# What is a frequency transformer



## Jokerzwild (Jun 11, 2009)

What is a frequency transformer hooked directly to a motor. What I believe it does but can be way off, allowes you to raise the HZ on the motor?


----------



## major (Apr 4, 2008)

Jokerzwild said:


> What is a frequency transformer hooked directly to a motor. What I believe it does but can be way off, allowes you to raise the HZ on the motor?


Hey joke,

Never heard of such a thing. Got a reference?

There are frequency converters which are effectively motor/generator sets. Is that what you mean?

Nothing of which I am aware of relating to EVs.

Regards,

major


----------



## Jokerzwild (Jun 11, 2009)

Yea:
This is what the factory told me and we discussed raising their Hz on the motor for more RPM's. 
This was there reply:
About this type, it is no problem to do after consulting from our enginner, he said all the parameters can reach to your demands, if you agree to take with the frequency transformer, use it you can adjust all the speeds according to your inquiry.


----------



## bliksem (Aug 3, 2009)

Totally not usable for an EV application. They are very heavy.
Essentially it is a motor turning another motor . The one will have ie. 2 poles the other 8 . That way you can increase the output frequency. Speed control is done by switching between 2 pole to 4 to 8 to 16 . You cannot get variable speed control . Essentially you will have 3 motors in your EV doing the work of 1,
with reduced efficiency of course. 


There are frequency transformers using only 1 motor (still an extra motor ) but you will not have a speed range.
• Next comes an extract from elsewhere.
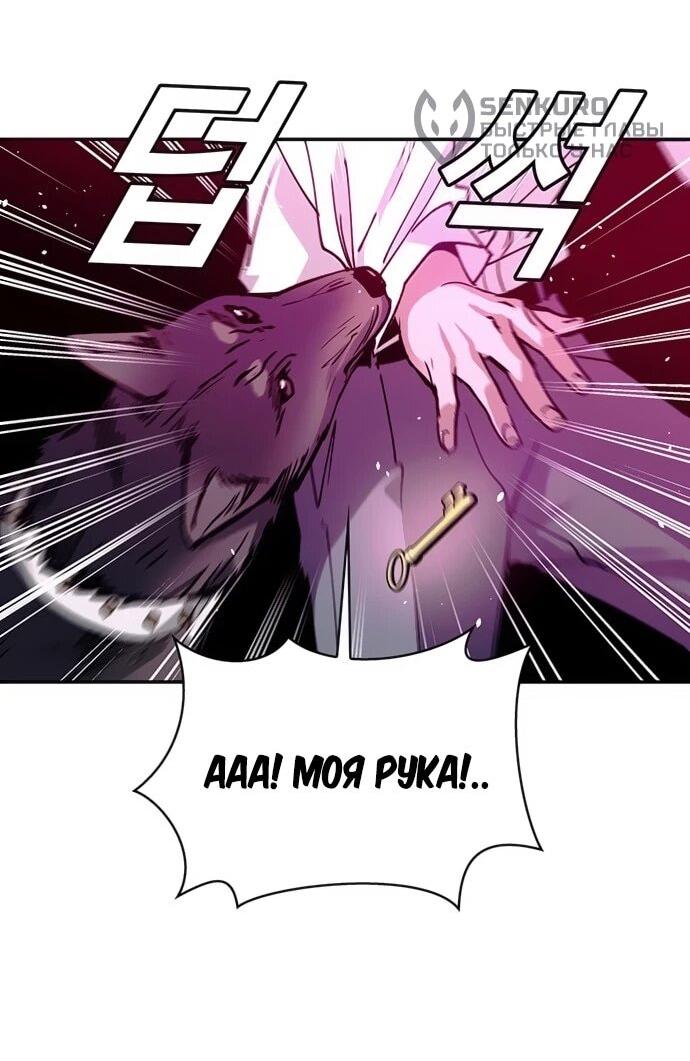 Манга Настал мой гейм овер - Глава 79 Страница 48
Mostly used for converting single phase to 3 phase , see Rotary Converter.


----------



## Tesseract (Sep 27, 2008)

Jokerzwild said:


> Yea:
> *This is what the factory told me* and we discussed raising their Hz on the motor for more RPM's.
> This was there reply:
> About this type, it is no problem to do after consulting from our enginner, he said all the parameters can reach to your demands, if you agree to take with the frequency transformer, use it you can adjust all the speeds according to your inquiry.


Oh, you just need to translate from _Engrish _to _English_... A "frequency transformer" is a "VFD".

No one in their right mind would use a motor-generator set to drive another motor at variable speed these days. I mean, not even if it was _given_ to them, and definitely not in an EV.

Why use 3 motors when 1 will do, in other words?


----------



## major (Apr 4, 2008)

Tesseract said:


> Oh, you just need to translate from _Engrish _to _English_... A "frequency transformer" is a "VFD".


You're probably right. 



> No one in their right mind would use a motor-generator set to drive another motor at variable speed these days. I mean, not even if it was _given_ to them, and definitely not in an EV.


I've done that. And you're probably right again. 

It actually worked quite well. And was quite a while ago.

Frequency transformer  Trick question.

G'day,

major


----------



## Jokerzwild (Jun 11, 2009)

Once again thanks for your help!~


----------